- [REQUIRED ACTION]:
Copy the data below exactly, omitting any picture it contains.

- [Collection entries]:
BEGIN

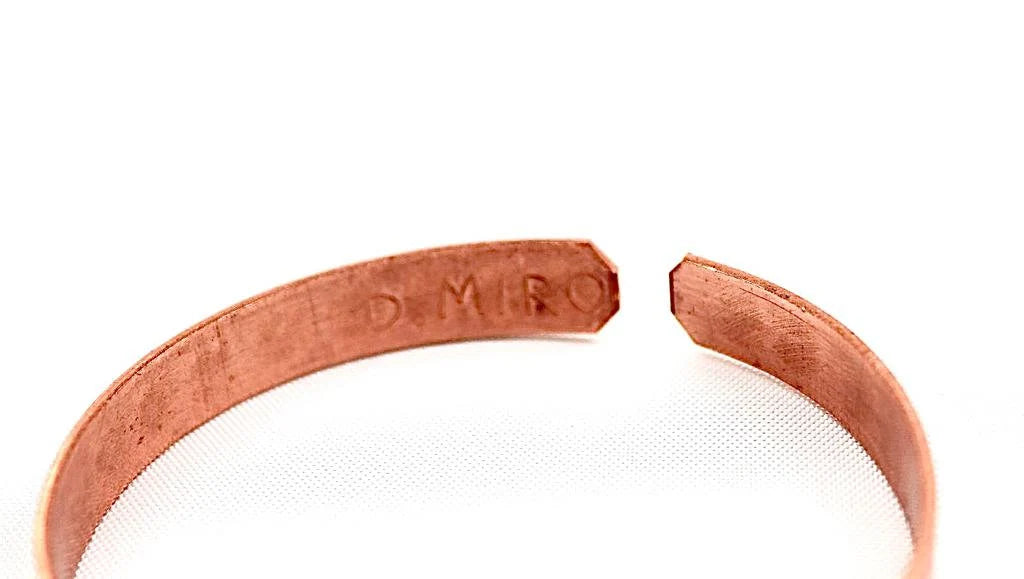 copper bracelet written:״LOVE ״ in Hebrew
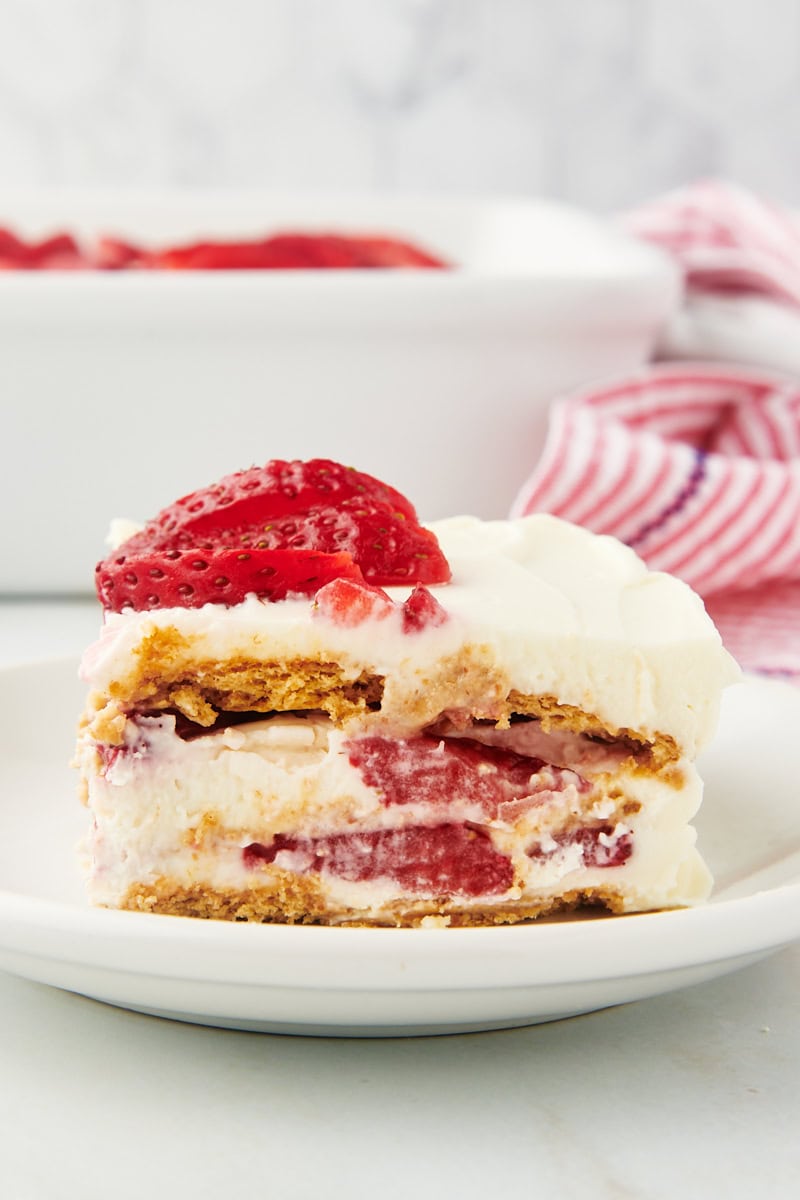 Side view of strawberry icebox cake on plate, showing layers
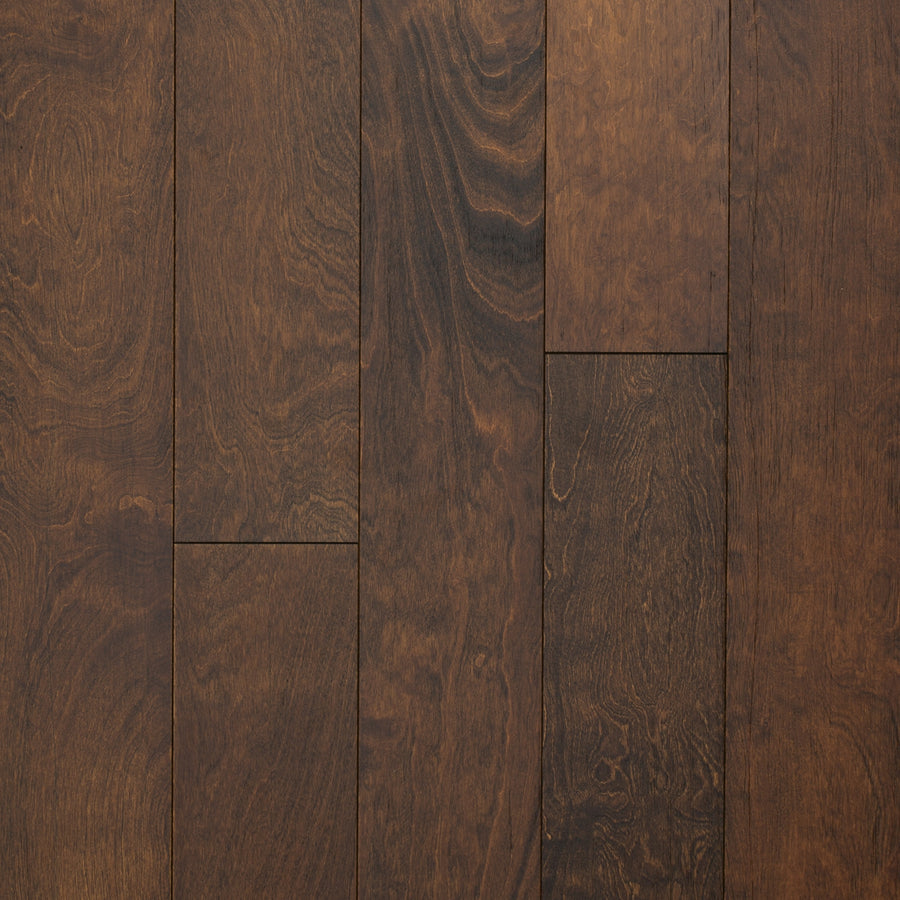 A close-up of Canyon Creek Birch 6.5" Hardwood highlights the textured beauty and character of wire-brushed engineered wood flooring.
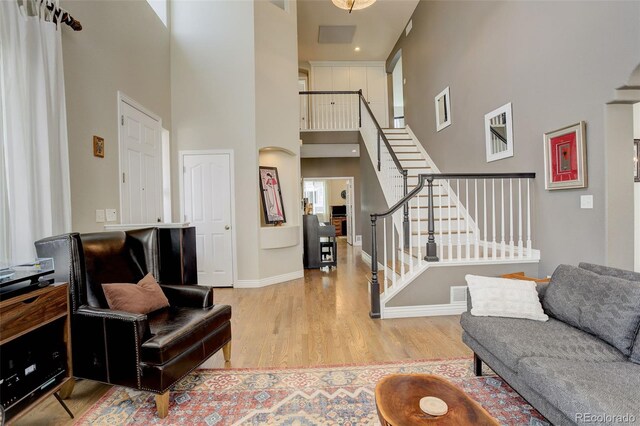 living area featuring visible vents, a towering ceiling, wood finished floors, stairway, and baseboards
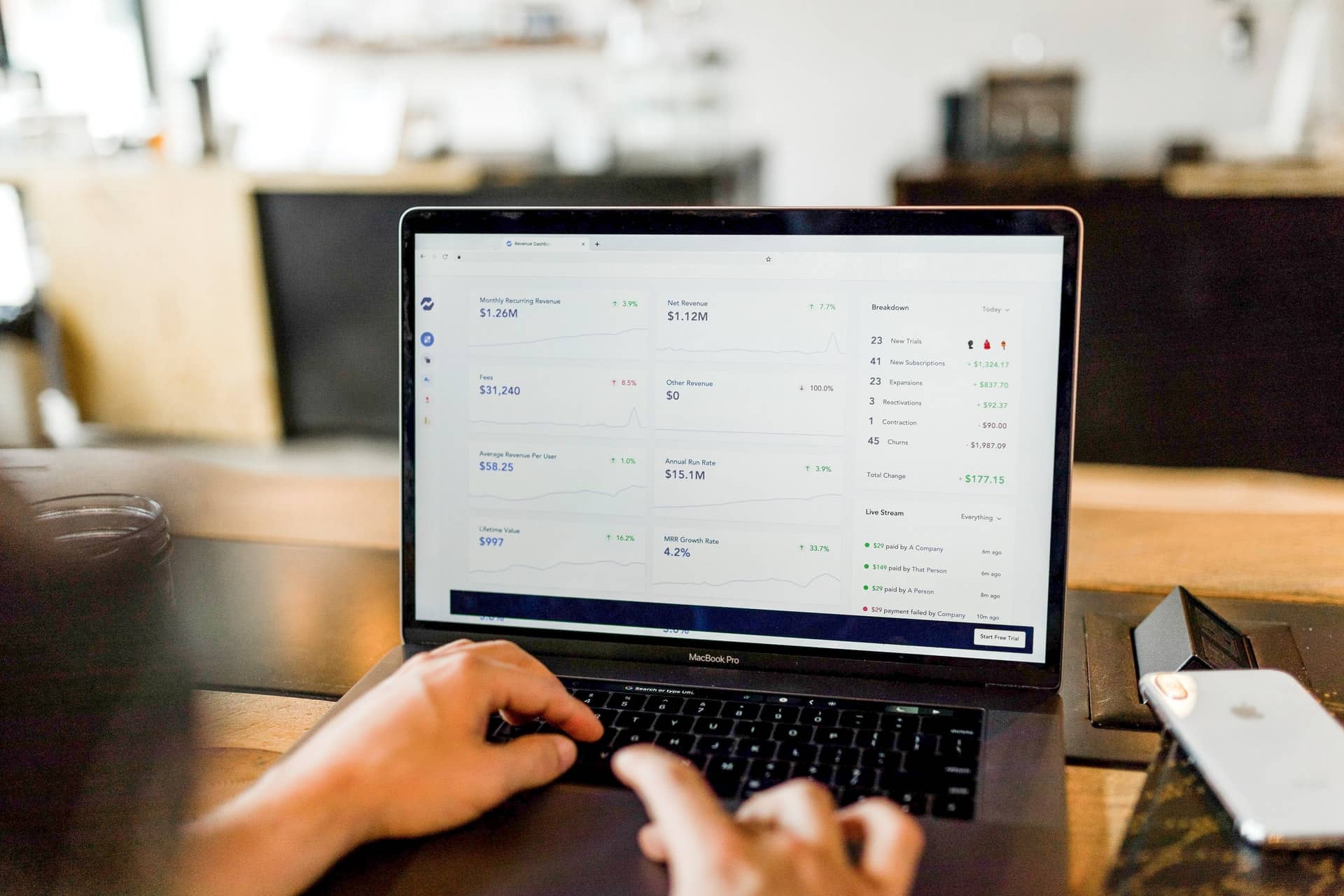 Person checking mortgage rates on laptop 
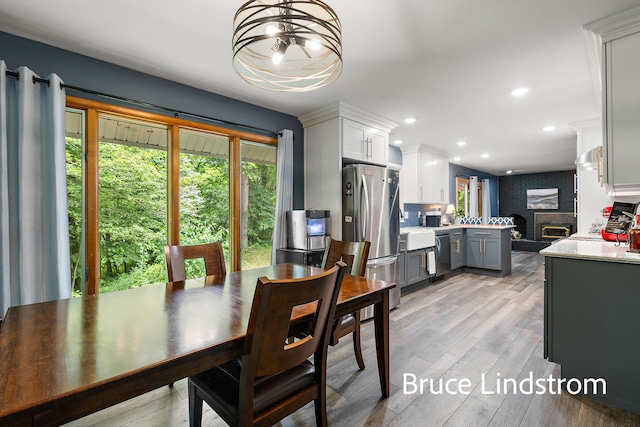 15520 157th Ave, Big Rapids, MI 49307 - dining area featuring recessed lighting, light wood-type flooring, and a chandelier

END

- [TASK RESPONSE]:
 copper bracelet written:״LOVE ״ in Hebrew
 Side view of strawberry icebox cake on plate, showing layers
 A close-up of Canyon Creek Birch 6.5" Hardwood highlights the textured beauty and character of wire-brushed engineered wood flooring.
 living area featuring visible vents, a towering ceiling, wood finished floors, stairway, and baseboards
 Person checking mortgage rates on laptop 
 15520 157th Ave, Big Rapids, MI 49307 - dining area featuring recessed lighting, light wood-type flooring, and a chandelier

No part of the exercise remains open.